Mortgage markets improved last week as the U.S. debt ceiling debate continued on Capitol Hill. Bonds traded in a range Monday through Thursday before breaking higher Friday morning.
30-year fixed conforming mortgage rates improved in Florida last week, falling to levels just north the product’s all-time low set in November 2010.
5-year ARMs improved last week, too. The benchmark adjustable-rate mortgage’s average national rate is now tied with its all-time low, also set last November.
This week, the direction of mortgage rates depends on two events:
- The resolution of the U.S. debt ceiling debate, due Tuesday
- The July Non-Farm Payrolls report, due Friday
Mortgage rates will be volatile as markets grapple with the expectations for the above events, and their eventual outcomes.
Sunday evening, for example, congressional leaders reached an agreement to raise the U.S. debt ceiling by $2.1 trillion, and to introduce $2.5 trillion in budget cuts within 10 years.
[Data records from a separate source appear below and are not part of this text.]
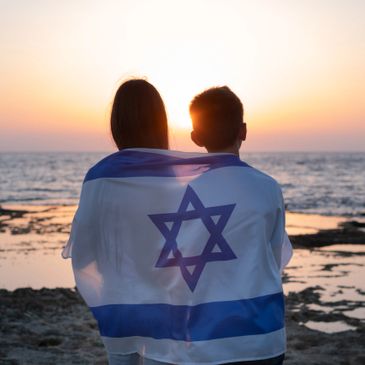 Children draped in the flag of the State of Israel looking at the sunset over the Mediterranean Sea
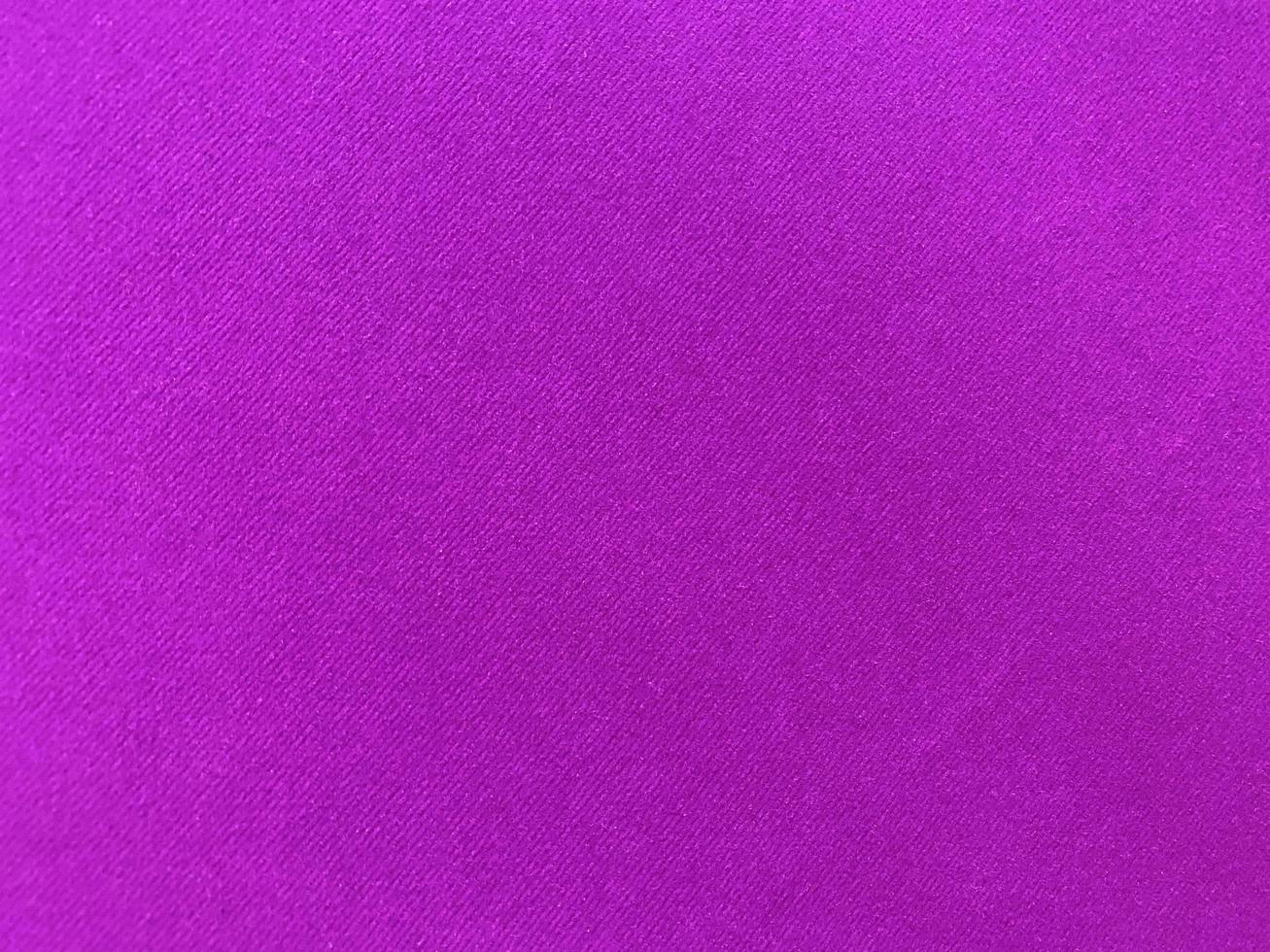 Dark purple old velvet fabric texture used as background. Empty purple fabric background of soft and smooth textile material. There is space for text... photo
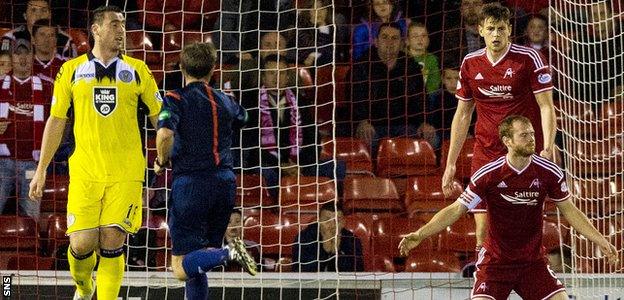 Mark Reynolds (right) is left dejected after giving away the late penalty that allowed St Mirren to snatch a point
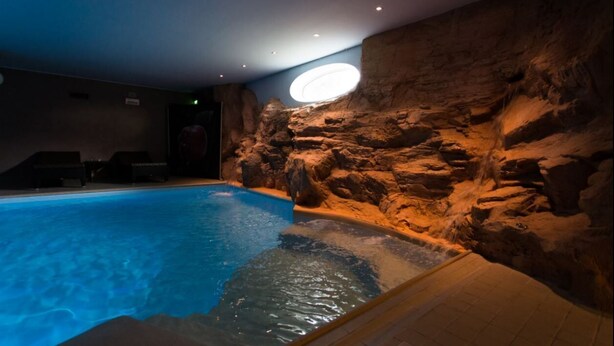 Una piscina interior con pared rocosa y tragaluz circular.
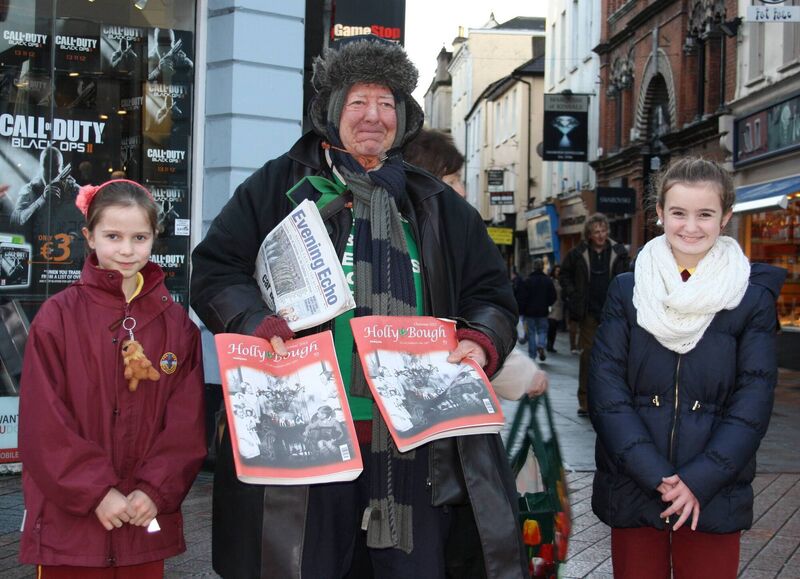 Miriam Collins (right) and Niamh Crowley with news vendor Michael O'Regan. Photo was taken as part of the girls' history project. Miriam Collins (right) and Niamh Crowley with news vendor Michael O'Regan. Photo was taken as part of the girls' history project.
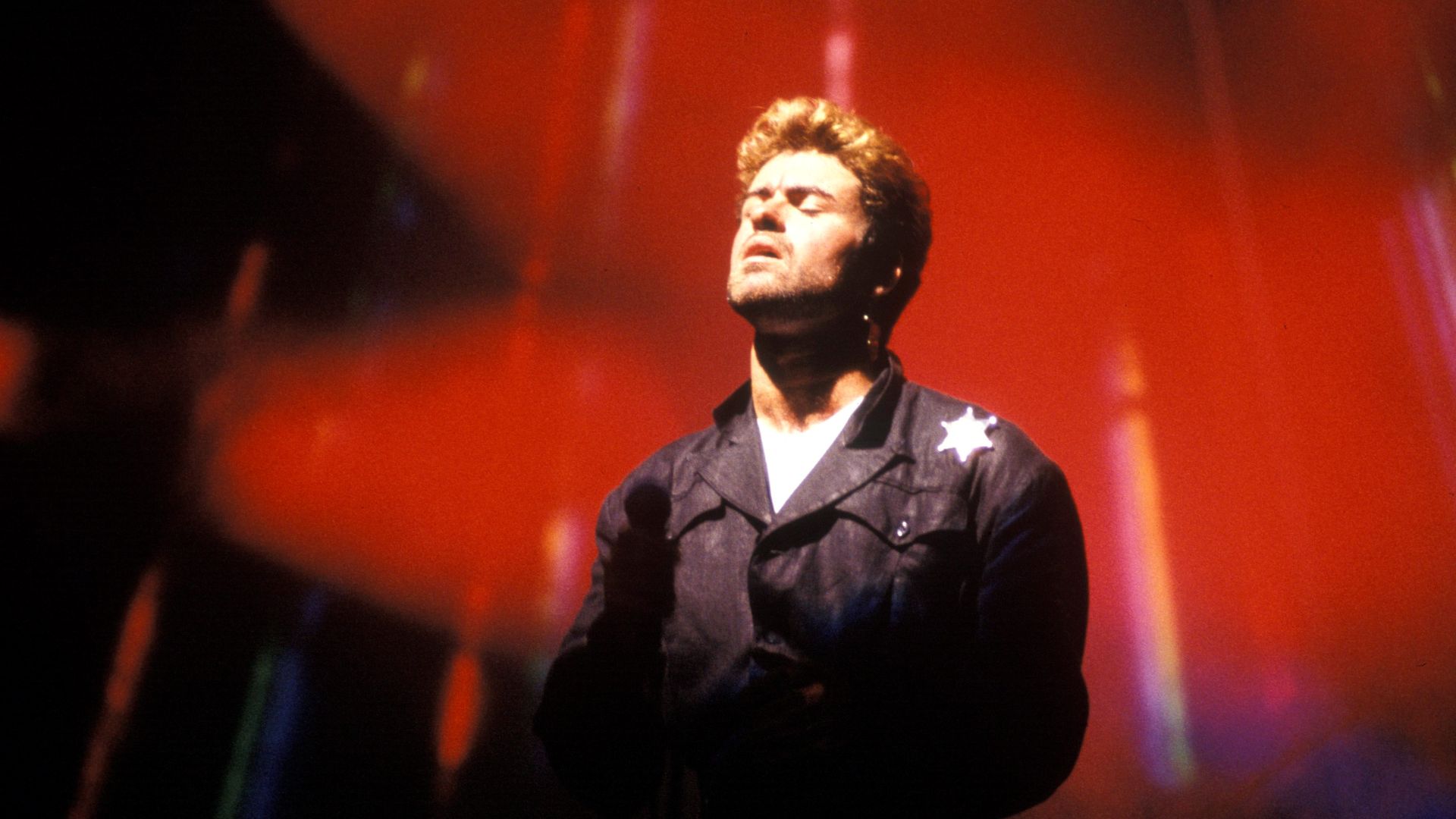 Singer George Michael stands under a re dspotlight.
The deal must pass Congress, however, and until it does, speculation will push mortgage rates around.
Friday’s jobs report should swing mortgage rates, too.
After starting the year strong, the 2011 jobs market has faded. Net new jobs have dropped 5 months in the row and the national Unemployment Rate is climbing. Weak job growth portends weak consumer spending and a weak economy — typically two outcomes that are good for mortgage rates.
Because of doubt cast by the debt ceiling debate, though, it’s too soon to know how Wall Street will react to the jobs data — strong or weak.
For now, mortgage rates remain low. They may fall further, or they may not. The “safe bet” is to lock.